We see 16 nodes and 20 edges in this undirected network. Let’s get a little more information about the network. What is this network’s density? What attributes are attached to the nodes of this network that we might use in modelling?
net_density(flomarriage)
net_node_attributes(flomarriage)
net_tie_attributes(flomarriage)
There are a few attributes for the nodes: priorates, totalties, wealth. All 3 are numeric valued attributes.
Visualisation
Now, let’s visualise this network (with labels), and sizing the nodes by their wealth. What do you observe? Describe the network in terms of configurations.
graphr(flomarriage, node_size = "wealth")
as_tidygraph(flomarriage) %>% mutate_nodes(Degree = node_deg()) %>%
mutate_ties(Triangles = tie_is_triangular()) %>%
graphr(node_size = "Degree", edge_color = "Triangles")

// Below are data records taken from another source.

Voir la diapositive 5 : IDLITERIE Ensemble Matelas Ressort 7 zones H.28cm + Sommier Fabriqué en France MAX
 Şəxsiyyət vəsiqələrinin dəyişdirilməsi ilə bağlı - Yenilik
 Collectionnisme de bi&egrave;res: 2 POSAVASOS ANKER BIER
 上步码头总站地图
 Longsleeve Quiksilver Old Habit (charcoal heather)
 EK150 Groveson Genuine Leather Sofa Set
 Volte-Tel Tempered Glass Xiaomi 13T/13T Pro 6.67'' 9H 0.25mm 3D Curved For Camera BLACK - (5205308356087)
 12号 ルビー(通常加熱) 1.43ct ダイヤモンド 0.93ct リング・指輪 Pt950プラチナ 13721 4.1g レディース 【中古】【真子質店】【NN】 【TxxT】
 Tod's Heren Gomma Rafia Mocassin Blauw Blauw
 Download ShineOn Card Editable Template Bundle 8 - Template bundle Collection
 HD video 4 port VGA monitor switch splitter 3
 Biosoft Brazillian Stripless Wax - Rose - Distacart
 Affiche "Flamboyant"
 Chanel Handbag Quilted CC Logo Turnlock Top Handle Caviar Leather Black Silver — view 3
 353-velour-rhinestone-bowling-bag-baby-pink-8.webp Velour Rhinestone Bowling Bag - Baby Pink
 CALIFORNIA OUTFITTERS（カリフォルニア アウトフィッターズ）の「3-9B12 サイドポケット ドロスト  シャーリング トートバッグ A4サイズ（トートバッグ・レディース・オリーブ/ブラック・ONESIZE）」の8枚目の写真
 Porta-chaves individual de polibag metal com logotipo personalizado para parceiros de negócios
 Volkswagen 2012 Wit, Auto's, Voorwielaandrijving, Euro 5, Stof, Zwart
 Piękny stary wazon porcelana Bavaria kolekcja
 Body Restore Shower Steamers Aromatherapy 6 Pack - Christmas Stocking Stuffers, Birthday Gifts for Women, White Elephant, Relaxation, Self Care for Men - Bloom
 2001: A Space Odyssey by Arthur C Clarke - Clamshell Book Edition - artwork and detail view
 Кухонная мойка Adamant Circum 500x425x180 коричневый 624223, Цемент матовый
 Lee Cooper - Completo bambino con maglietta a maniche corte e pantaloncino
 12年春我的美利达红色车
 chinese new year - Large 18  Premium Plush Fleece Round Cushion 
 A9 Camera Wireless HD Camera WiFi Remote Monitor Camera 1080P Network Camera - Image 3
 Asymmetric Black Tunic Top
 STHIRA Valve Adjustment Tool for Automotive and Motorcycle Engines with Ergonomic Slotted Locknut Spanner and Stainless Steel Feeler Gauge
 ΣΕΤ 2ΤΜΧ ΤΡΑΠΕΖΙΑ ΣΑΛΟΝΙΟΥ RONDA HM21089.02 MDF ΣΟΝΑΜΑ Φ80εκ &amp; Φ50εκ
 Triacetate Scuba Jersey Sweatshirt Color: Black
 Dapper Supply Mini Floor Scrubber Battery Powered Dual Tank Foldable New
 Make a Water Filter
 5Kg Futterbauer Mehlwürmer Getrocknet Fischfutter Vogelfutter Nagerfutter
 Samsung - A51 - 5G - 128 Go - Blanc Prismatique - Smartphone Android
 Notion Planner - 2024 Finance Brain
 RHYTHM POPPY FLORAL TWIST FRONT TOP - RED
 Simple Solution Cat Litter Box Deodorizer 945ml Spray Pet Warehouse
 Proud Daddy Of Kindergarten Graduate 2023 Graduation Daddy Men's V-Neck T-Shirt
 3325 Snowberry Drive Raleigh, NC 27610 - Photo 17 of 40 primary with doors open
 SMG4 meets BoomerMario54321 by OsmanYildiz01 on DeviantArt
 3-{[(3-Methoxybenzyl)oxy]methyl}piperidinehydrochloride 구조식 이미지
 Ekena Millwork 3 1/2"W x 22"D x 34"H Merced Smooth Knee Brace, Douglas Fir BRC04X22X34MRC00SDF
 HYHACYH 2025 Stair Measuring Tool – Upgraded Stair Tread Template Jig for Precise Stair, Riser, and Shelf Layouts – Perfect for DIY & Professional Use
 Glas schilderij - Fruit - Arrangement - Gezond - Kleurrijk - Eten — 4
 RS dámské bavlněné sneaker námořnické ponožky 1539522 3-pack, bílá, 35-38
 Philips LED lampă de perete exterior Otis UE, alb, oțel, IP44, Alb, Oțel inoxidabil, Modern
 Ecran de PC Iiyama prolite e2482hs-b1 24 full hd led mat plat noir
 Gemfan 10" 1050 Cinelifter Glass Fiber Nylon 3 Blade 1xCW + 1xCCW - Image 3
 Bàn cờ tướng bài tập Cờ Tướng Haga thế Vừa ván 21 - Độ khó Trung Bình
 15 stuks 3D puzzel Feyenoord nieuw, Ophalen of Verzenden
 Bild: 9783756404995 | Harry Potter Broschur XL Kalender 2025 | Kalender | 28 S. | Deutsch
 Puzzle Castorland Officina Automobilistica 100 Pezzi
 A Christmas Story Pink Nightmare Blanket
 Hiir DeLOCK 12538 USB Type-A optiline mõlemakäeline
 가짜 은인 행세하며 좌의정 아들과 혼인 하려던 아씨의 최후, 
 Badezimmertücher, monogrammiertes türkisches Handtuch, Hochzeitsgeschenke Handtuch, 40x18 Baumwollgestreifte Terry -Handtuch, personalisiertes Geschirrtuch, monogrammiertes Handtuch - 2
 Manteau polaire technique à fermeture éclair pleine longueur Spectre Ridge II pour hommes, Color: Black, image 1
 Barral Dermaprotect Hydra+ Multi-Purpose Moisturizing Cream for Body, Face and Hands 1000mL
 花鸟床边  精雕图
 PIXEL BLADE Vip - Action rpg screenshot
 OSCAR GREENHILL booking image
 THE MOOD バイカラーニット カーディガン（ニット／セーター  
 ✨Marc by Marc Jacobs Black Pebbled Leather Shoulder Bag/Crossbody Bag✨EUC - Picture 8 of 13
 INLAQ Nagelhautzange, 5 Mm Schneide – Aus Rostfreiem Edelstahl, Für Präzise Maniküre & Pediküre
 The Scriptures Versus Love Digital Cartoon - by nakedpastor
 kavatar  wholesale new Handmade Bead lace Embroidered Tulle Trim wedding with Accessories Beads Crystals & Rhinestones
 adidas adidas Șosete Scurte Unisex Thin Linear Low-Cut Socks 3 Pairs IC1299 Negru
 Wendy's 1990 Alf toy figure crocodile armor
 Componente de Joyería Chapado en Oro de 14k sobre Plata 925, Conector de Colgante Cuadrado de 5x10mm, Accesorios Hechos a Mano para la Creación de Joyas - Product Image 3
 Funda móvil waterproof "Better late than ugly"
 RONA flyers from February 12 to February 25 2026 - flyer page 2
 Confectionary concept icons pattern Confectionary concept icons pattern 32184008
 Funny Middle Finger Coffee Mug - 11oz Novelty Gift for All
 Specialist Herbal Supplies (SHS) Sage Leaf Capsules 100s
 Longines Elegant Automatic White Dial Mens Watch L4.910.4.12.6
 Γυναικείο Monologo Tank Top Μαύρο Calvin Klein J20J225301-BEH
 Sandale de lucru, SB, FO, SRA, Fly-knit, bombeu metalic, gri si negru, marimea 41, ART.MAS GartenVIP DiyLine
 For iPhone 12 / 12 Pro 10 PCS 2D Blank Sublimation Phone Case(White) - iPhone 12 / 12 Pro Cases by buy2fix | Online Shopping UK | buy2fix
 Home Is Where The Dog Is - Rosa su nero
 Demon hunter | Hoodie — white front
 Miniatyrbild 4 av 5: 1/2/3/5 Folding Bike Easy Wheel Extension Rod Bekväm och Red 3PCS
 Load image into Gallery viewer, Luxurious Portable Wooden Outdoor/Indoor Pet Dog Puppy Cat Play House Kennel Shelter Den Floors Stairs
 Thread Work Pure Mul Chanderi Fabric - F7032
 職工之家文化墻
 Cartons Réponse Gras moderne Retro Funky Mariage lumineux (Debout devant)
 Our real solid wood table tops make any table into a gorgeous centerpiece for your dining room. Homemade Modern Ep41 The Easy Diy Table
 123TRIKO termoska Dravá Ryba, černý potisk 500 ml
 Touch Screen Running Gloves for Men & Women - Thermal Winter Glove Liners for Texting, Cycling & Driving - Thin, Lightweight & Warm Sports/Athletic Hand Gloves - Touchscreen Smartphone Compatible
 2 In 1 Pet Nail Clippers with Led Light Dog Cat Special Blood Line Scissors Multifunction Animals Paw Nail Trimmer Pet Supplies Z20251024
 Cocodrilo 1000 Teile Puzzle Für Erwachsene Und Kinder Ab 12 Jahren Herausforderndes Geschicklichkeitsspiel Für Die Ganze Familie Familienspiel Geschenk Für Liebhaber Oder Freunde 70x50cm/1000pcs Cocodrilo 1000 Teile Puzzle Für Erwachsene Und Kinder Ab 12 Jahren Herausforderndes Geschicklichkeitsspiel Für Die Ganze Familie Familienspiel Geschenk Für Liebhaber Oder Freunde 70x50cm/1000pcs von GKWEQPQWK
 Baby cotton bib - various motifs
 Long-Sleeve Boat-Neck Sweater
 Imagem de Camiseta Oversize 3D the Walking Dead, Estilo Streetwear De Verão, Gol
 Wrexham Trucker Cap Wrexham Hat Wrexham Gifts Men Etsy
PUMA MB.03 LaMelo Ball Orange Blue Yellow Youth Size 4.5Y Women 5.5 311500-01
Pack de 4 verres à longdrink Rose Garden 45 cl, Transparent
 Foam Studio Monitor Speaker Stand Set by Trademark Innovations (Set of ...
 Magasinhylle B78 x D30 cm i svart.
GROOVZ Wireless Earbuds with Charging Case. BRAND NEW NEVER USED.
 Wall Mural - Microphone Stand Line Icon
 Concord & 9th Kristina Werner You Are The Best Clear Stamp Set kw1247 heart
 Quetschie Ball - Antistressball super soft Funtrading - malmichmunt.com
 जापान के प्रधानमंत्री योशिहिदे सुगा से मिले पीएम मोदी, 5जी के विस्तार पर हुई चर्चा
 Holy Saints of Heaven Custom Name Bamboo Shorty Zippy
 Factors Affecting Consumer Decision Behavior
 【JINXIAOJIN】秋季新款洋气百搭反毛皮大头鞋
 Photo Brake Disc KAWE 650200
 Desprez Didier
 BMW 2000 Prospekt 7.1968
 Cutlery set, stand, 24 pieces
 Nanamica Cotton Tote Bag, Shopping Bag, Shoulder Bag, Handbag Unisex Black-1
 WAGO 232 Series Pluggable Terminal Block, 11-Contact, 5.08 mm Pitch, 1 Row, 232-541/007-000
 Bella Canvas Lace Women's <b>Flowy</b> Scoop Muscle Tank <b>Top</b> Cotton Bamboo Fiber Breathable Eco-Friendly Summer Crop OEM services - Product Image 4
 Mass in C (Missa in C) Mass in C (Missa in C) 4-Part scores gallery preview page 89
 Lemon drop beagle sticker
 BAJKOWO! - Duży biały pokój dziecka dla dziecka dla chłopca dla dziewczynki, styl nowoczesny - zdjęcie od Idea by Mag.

Network configurations are small patterns of ties within the graph or subgraphs, which are sometimes referred to as network motifs (Milo et al. 2002 in Lubell et al. 2014, p. 23). If a configuration represents an outcome of some social process occurring within the network, then that configuration occurring at a higher frequency in the observed network than expected by chance once other possibly relevant processes are controlled can be viewed as evidence for such a process/mechanism.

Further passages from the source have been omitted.